§ Saved data entries
..............................

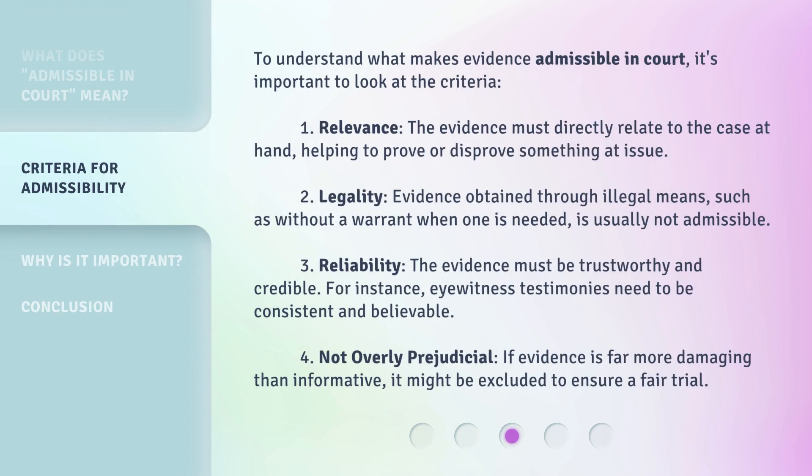To understand what makes evidence admissible in court, it's important to look at the criteria. First, the evidence must directly relate to the case at hand, helping to prove or disprove something at issue. Second, legality: evidence obtained through illegal means, such as without a warrant when one is needed, is usually not admissible.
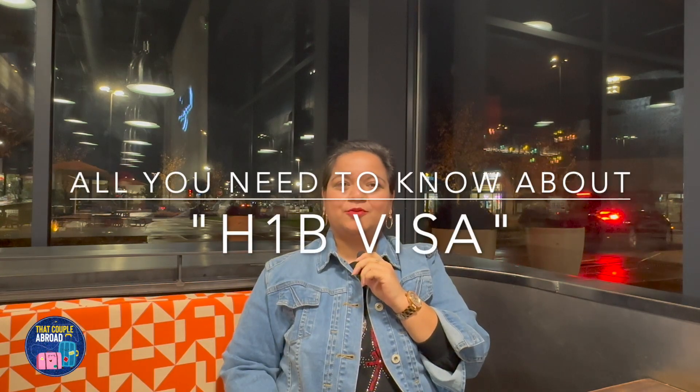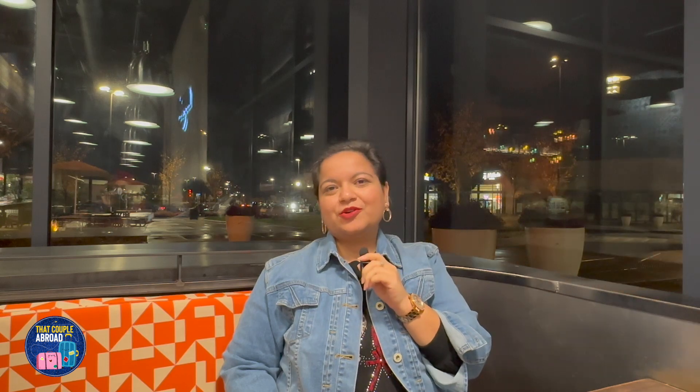Hello friends, welcome back to the channel 'That Couple Abroad' — hope you all are doing great. If you are someone who wishes to work in the USA in the future and is interested in applying for an H1B visa, then you are at the right place. Today in this video I will talk about various nuances related to the H1B visa: what is the process, how an employer can file for H1B visa, what are the different things you can do on H1B, and what are the different interesting facts of H1B visa. So let's get started.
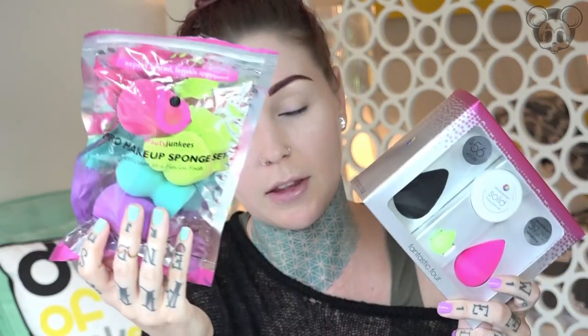$13 versus $39 — we're gonna try both of them, I'm gonna show you how they work, and tell you which one I like better. Is it worth it to spend $40, or can you get away with $13? Before we get started with the sponges, I'm going to prep my face with my Smashbox primer. I use this green one because it cancels out the red.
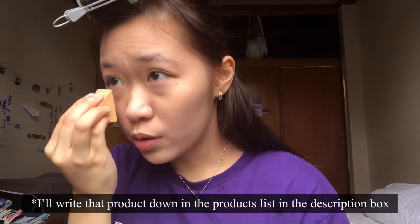Now I'm going to take some powder. This is the Muji powder. I don't really know too much about this product — I think they discontinued it. This is one of the discontinued Muji products, so sadly I don't think you can find this in Muji anymore. But they do have another type of powder, so you can get that instead.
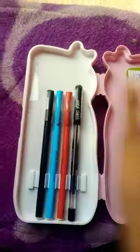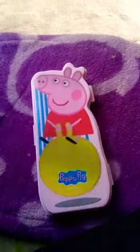So I have my pencil box, and this is my organizing pencil box video. How are you? Comment me. Bye guys!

..............................

§ WHAT IS REQUIRED
Leaving out all pictures, print exactly the lines above from the one containing "Now I'm going" through the last line of the entries.

§ TASK RESULT
Now I'm going to take some powder. This is the Muji powder. I don't really know too much about this product — I think they discontinued it. This is one of the discontinued Muji products, so sadly I don't think you can find this in Muji anymore. But they do have another type of powder, so you can get that instead.
So I have my pencil box, and this is my organizing pencil box video. How are you? Comment me. Bye guys!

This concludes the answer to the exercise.